For this project, the **Airline Passenger Satisfaction** dataset is used. You can find the original dataset on Kaggle [here](https://www.kaggle.com/datasets/teejmahal20/airline-passenger-satisfaction/data).

## 📊 **Dataset Selection & Description**

I chose this dataset because I found its structure clearer and easier to understand. The column names were familiar (age, gender, flight distance, etc.), and the goal — to understand whether passengers were satisfied or not — seemed more straightforward.
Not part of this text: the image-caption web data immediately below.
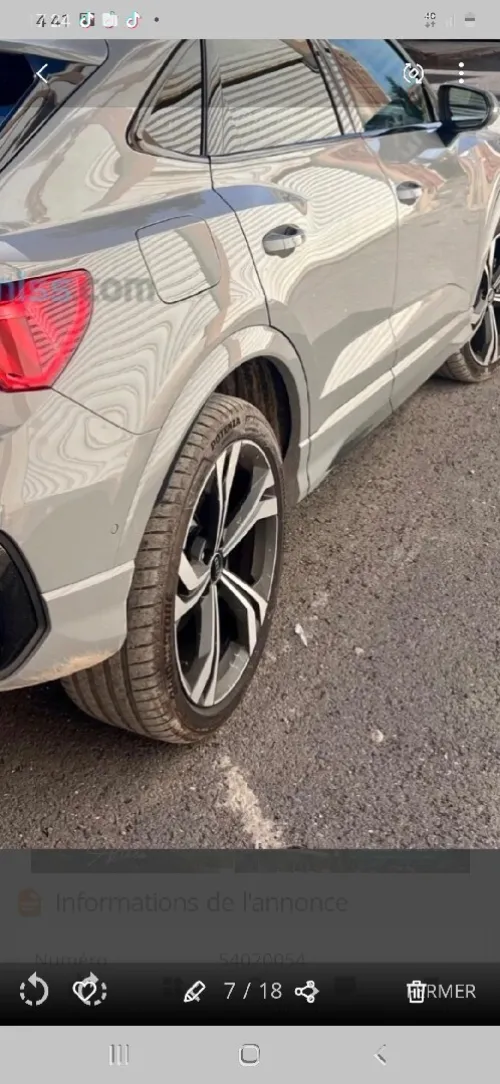 Audi Q3 2026 S line Quatro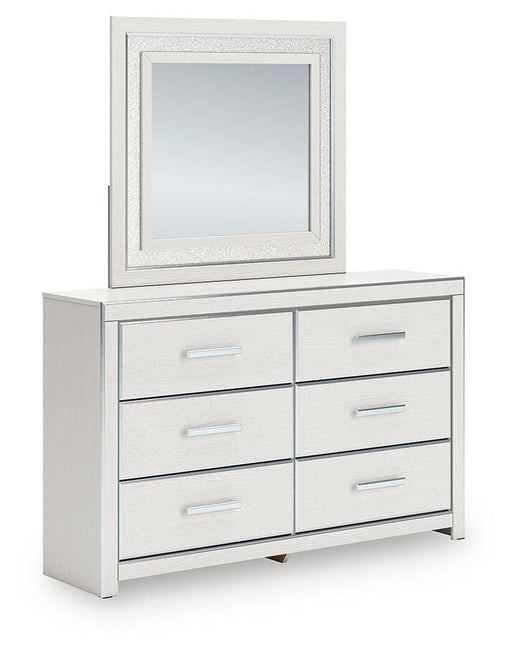 Zuraleus Dresser and Mirror - Furniture Gallery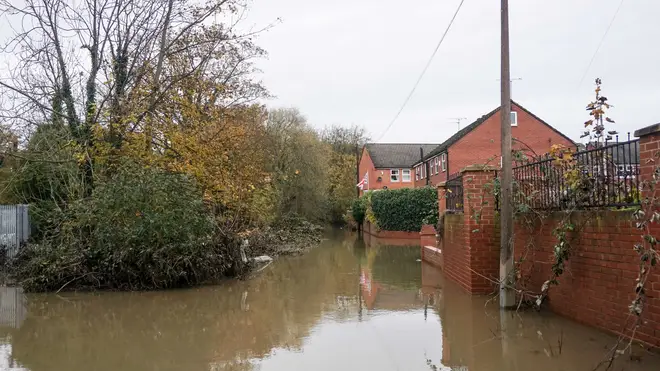 Northern England endured a month's worth of rain in 24 hours, causing severe flooding.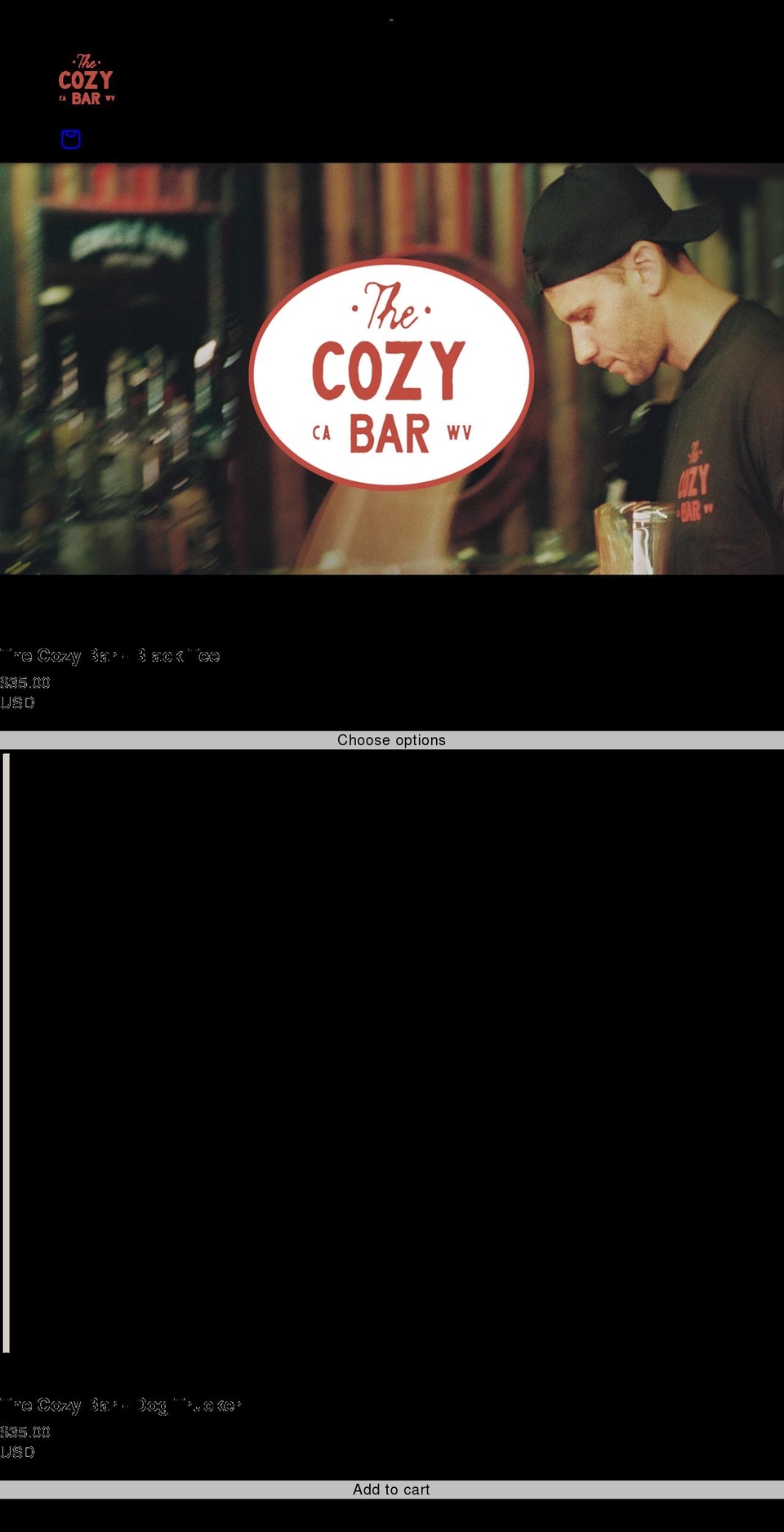 hueymackmerch.com — Shopify storefront screenshot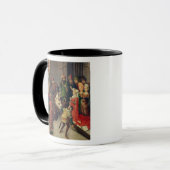 Sint-Helena en het wonder van het ware kruis Mok (Voorkant links)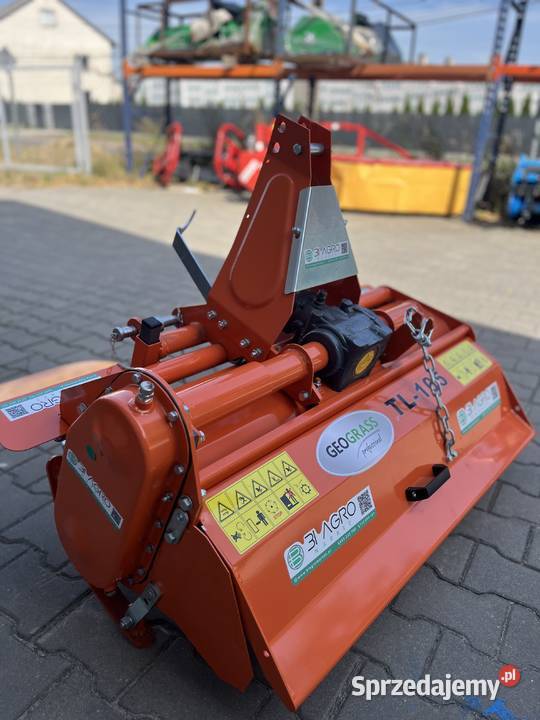 Glebogryzarkaagregat TL 105 Geograss RATY dowóz świętokrzyskie Opatów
It felt like a good starting point to learn data analysis without needing advanced cleaning or domain knowledge.

## 📋 **Project Objectives**
* Dataset Selection and Setup

* Statistical Summary

* Missing Data Analysis

* Outlier Detection

* Visualization



## 📥 **Dataset Selection and Setup**


In [None]:
import kagglehub
path = kagglehub.dataset_download("teejmahal20/airline-passenger-satisfaction")
print("Path to dataset files:", path)

import pandas as pd
train = pd.read_csv(f'{path}/train.csv')
test = pd.read_csv(f'{path}/test.csv')

df = pd.concat([train, test], ignore_index=True)


## 📊 **Statistical Summary**


In [None]:
print("="*13)
print("DATASET INFO:")
print("="*13)
df.info()

print()

print("="*20)
print("STATISTICAL SUMMARY:")
print("="*20)
df.describe()

In [None]:
# Shows all values in each categorical column
for col in df.select_dtypes(include=['object']).columns:
    print(f"{df[col].value_counts().to_string().upper()}\n")

In [None]:
# Most common passenger age
print("Most common passenger age:", df['Age'].mode()[0])
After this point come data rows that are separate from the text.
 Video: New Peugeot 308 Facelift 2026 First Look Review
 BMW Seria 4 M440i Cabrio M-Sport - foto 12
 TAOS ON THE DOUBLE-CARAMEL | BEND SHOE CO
# Number of passengers under 18
print("Number of passengers under 18:", len(df[df['Age'] < 18]))

# Number of senior passengers (over65)
print("Number of senior passengers:", len(df[df['Age'] > 65]))


### **Cleaning Data**


In [None]:
# Unnamed and id are not needed
df.drop(['Unnamed: 0', 'id'], axis=1, inplace=True)
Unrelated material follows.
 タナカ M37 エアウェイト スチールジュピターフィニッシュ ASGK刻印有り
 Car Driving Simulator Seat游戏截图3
## 🔍 **Missing Data Analysis**


In [None]:
# Number of missing values
df.isnull().sum()


### 🧹 **Handling Missing Data**


In [None]:
# Create a boolean flag to track which values were originally missing
df['Arrival_Delay_Missing'] = df['Arrival Delay in Minutes'].isnull()

In [None]:
# Fill missing values with the median (0.0 minutes)
df.fillna({'Arrival Delay in Minutes': df['Arrival Delay in Minutes'].median()}, inplace=True)

In [None]:
print(f"Imputed {df['Arrival_Delay_Missing'].sum()} missing values")
print(f"Median used for imputation: {df['Arrival Delay in Minutes'].median()} minutes") # The median of 0.0 indicates that at least 50% of flights had no arrival delay.

In [None]:
df.info() # double checking


## 🚨 **Outlier Detection**


In [None]:
# Checking Outlier in Rating Columns

rating_columns = [
    'Inflight wifi service', 'Departure/Arrival time convenient',
    'Ease of Online booking', 'Gate location', 'Food and drink',
    'Online boarding', 'Seat comfort', 'Inflight entertainment',
    'On-board service', 'Leg room service', 'Baggage handling',
    'Checkin service', 'Inflight service', 'Cleanliness'
]

melted = pd.DataFrame()

for col in rating_columns:
    counts = df[col].value_counts().sort_index()
    counts.name = col
    melted = pd.concat([melted, counts], axis=1)

display(melted.fillna(0).astype(int))


In [None]:
# Using Interquartile Range (IQR) (Age, Flight Distance, Departure Delay in Minutes, Arrival Delay in Minutes)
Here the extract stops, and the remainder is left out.